> _Input for this task_:
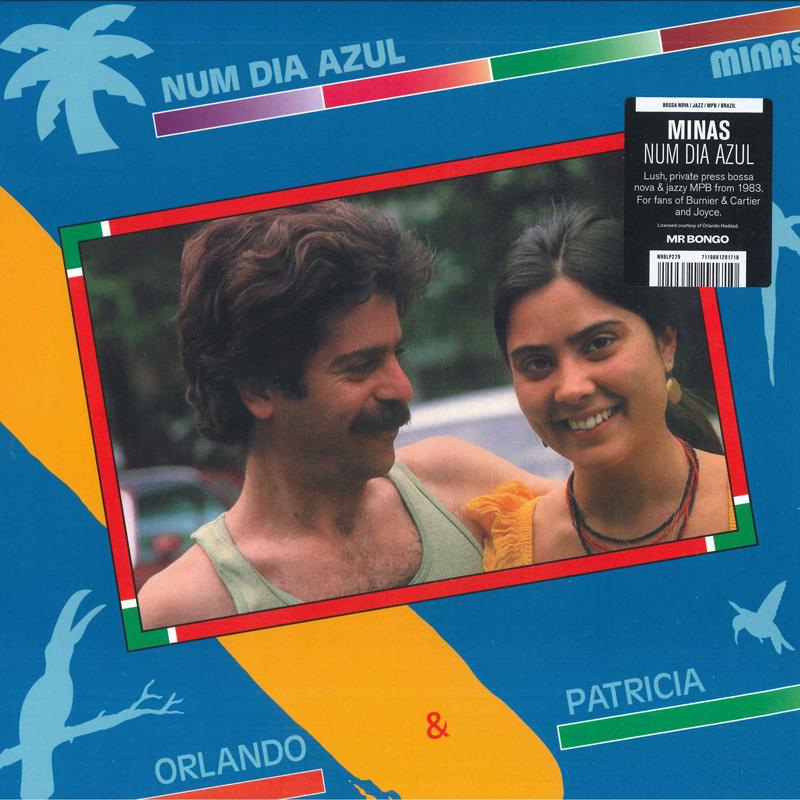 LP Record MINAS - Num Dia Azul MRBLP279 Mr Bongo 2023 UK Latin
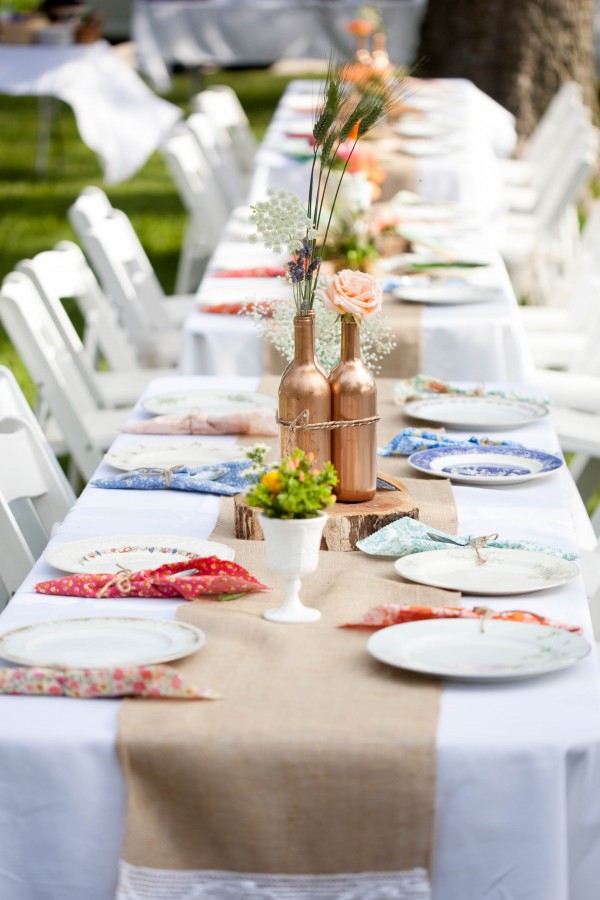 vintage-inspired barn wedding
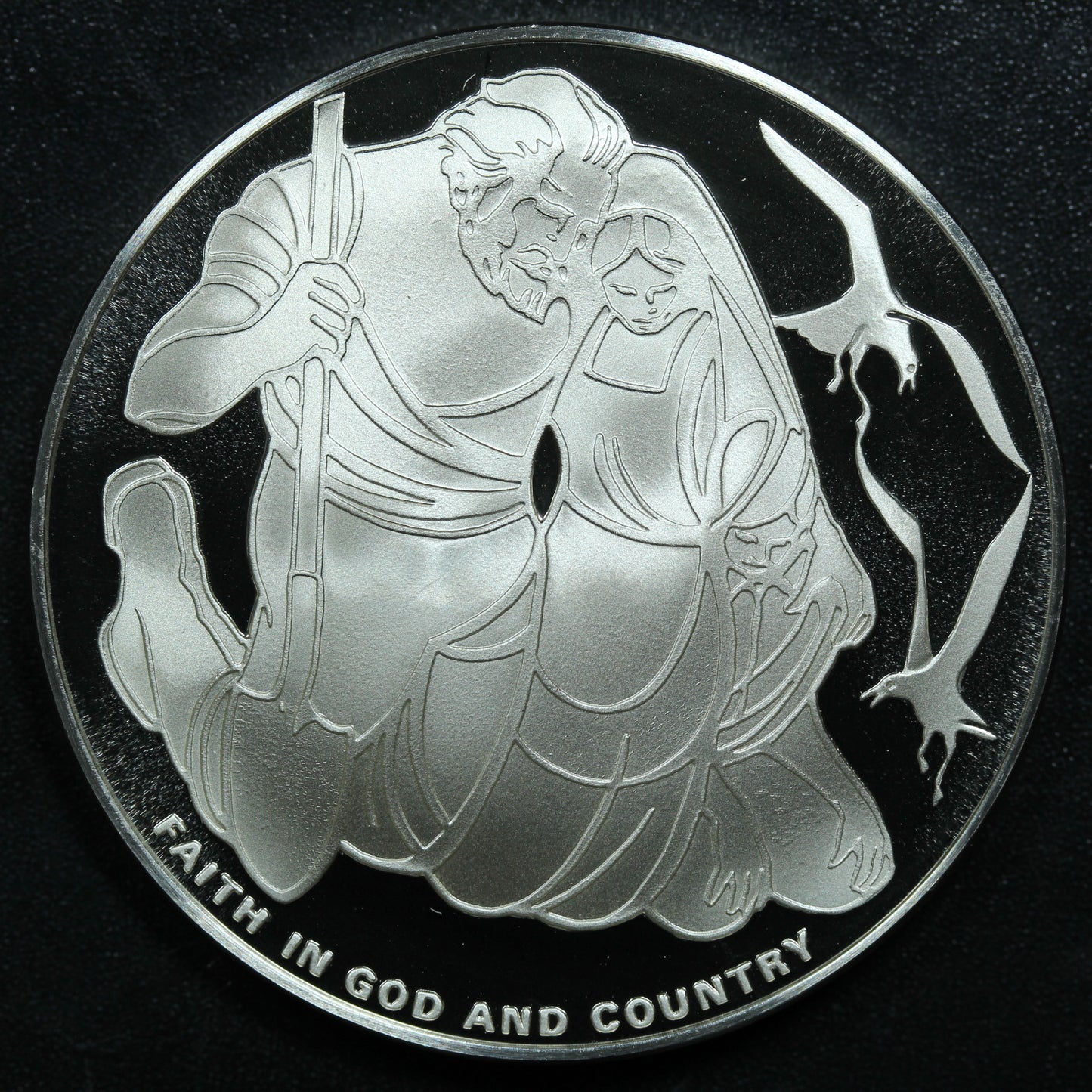 Franklin Mint 50 State Bicentennial Medal - UTAH Sterling Silver Proof w/ Capsule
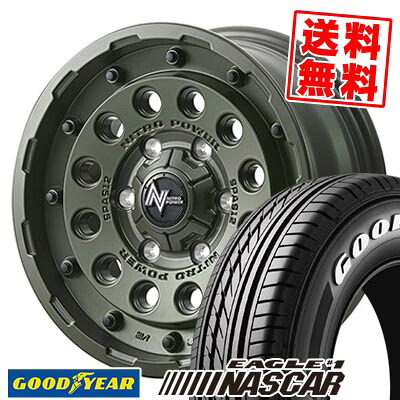 215/65R16C 109/107R グッドイヤー EAGLE #1 NASCAR NITROPOWER H12 SHOTGUN Tactical Edition サマータイヤホイール4本セット 【取付対象】|タイヤプライス館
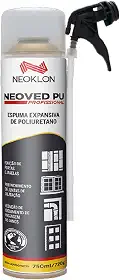 Espuma de Poliuretano Expansiva, Monocomponente, Alta Expansão, para Isolamento Térmico e Acústico, Fixação de Dutos e Ar-Condicionado, Preenchimento de Batentes Neoved Pu c/Aplicador 750g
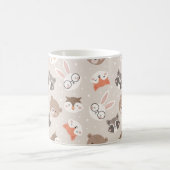 Niedliches Woodland Animal Kids Muster Kaffeetasse (Mittel)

> _Description of the task_:
What is needed is a word-for-word transcription of all the entries, with the pictures dropped.

> _Solved exercise_:
 LP Record MINAS - Num Dia Azul MRBLP279 Mr Bongo 2023 UK Latin
 vintage-inspired barn wedding
 Franklin Mint 50 State Bicentennial Medal - UTAH Sterling Silver Proof w/ Capsule
 215/65R16C 109/107R グッドイヤー EAGLE #1 NASCAR NITROPOWER H12 SHOTGUN Tactical Edition サマータイヤホイール4本セット 【取付対象】|タイヤプライス館
 Espuma de Poliuretano Expansiva, Monocomponente, Alta Expansão, para Isolamento Térmico e Acústico, Fixação de Dutos e Ar-Condicionado, Preenchimento de Batentes Neoved Pu c/Aplicador 750g
 Niedliches Woodland Animal Kids Muster Kaffeetasse (Mittel)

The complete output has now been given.